Me alegré por mi padre, pero no conseguía centrarme. Las distracciones ahogaban mi triste corazón. Cuando cerraba los ojos sentía que Mingus Rude estaba en la habitación, tal vez en la otra cama o en la bañera. Tomé prestada de alguna leyenda urbana la imagen de un hombre metido en hielo en la bañera al que una banda de traficantes de órganos le había robado un riñón. Si no, y pese a que mi propio padre se hospedaba cinco plantas más arriba, me convencía de que el hotel pendía en el vacío, era un sarcófago de felpa con televisión con cable a la deriva por el espacio. Esta segunda alucinación me despertó de golpe de la modorra que me había vencido sobre la colcha y me empujó a buscar la llave del minibar.
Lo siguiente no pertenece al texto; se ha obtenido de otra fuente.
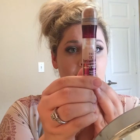Then for concealer I'm going to use the Maybelline Instant Age Rewind and I'm going to put that in a triangle shape under the eye on both sides, then blend it out with the pointy part of my beauty blender.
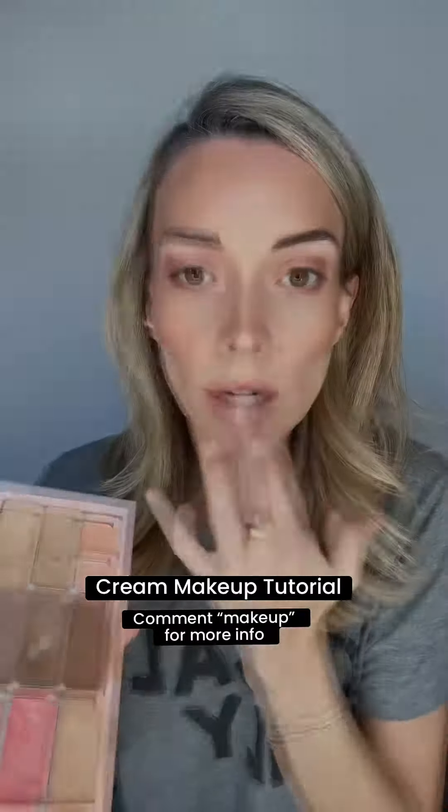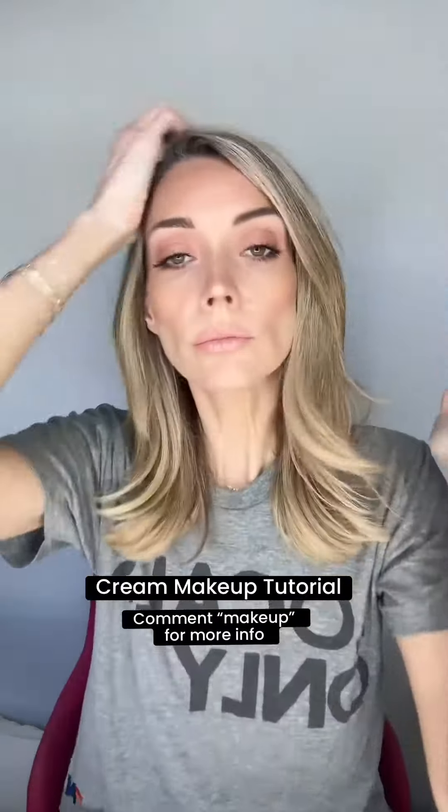I'm just going to blend it in, add a little bit of illuminator to the tops of my cheeks on both sides, a little bit to the center of my lips, the center of my nose, and on the tip just for some added glow, then add my mascara — and I am all set. Comment 'makeup' to learn more and to find out how you can get a free color consult with me.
Vacié los bolsillos sobre la cómoda. Me quedé contemplando el resultado. Además de la llave del minibar, la tarjeta de entrada a la habitación y algunos dólares arrugados, estaba también el anillo de Aaron X. Doily. Me lo había metido en el bolsillo esa misma mañana para rescatarlo del interrogatorio de Abby.

Me preguntaba si el anillo todavía funcionaba y, en caso de que funcionara, si sus poderes habrían cambiado. Sin parar de preguntarme cosas me puse los pantalones, guardé la llave de la habitación en el bolsillo y me puse el anillo en el dedo. Crucé descalzo la habitación hacia la puerta y salí al corredor, donde me quedé parpadeando cegado por la luz.

No me veía las manos ni los pies, pero claro, estaba borracho. No fue hasta que se abrió la puerta del ascensor y subí en el interior forrado de espejos cuando me convencí. Estaba solo y el ascensor parecía vacío. Apoyé las manos en los espejos y solté aliento alrededor: el vapor dibujó unos dedos invisibles. Daba igual que no hubiera usado el anillo desde hacía años: mantenía el mismo poder. Mi poder, cuando decidía utilizarlo.